Menurut laporan resmi APBN Kita, rasio utang pemerintah terhadap PDB per akhir Agustus 2021 itu mengalami kenaikan menjadi 40,85 persen dari sebelumnya 40,51 persen.
Adapun rincian total utang hingga akhir Agustus 2021 berasal dari penerbitan Surat Berharga Negara (SBN) sebesar Rp5.792,39 triliun.
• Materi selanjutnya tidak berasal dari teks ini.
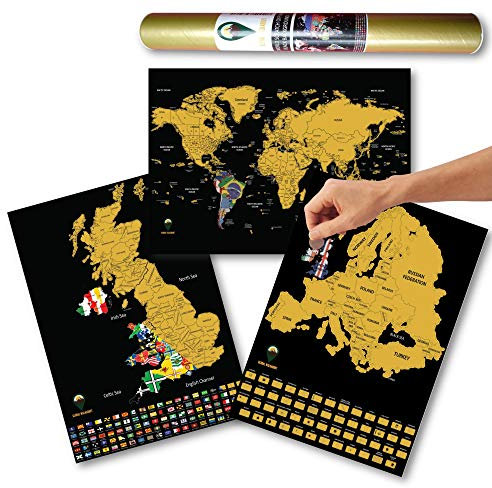 Global Walkabout Scratch Off World, Europe and UK Map with Flags background - Deluxe Travel Size World, Europe and UK Map Poster - Countries and Facts - Travel Gift (Black)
Terdiri dari SBN Domestik Rp4.517,71 triliun dan SBN Valas Rp1.274,68 triliun.
SBN Domestik mengalami kenaikan sebesar Rp80,1 triliun sementara utang SBN dalam bentuk valas mengalami penurunan sebesar Rp15,42 triliun bila dibandingkan Juli 2021.
Sisanya berasal dari pinjaman yang mencapai Rp833,04 triliun. Terdiri dari pinjaman dalam negeri Rp12,64 triliun dan pinjaman luar negeri yang sebesar Rp820,40 triliun.
Utang Luar Negeri Indonesia 36,6 Persen dari PDB
Sementara itu, Data terbaru Bank Indonesia (BI) terkait utang luar negeri (ULN) Indonesia adalah untuk posisi akhir Juli 2021. Hal itu diumumkan BI pada September 2021 lalu.
Data BI menyebutkan, ULN Indonesia pada Juli 2021 tercatat sebesar US$415,7 miliar atau tumbuh 1,7 persen secara tahunan (yoy).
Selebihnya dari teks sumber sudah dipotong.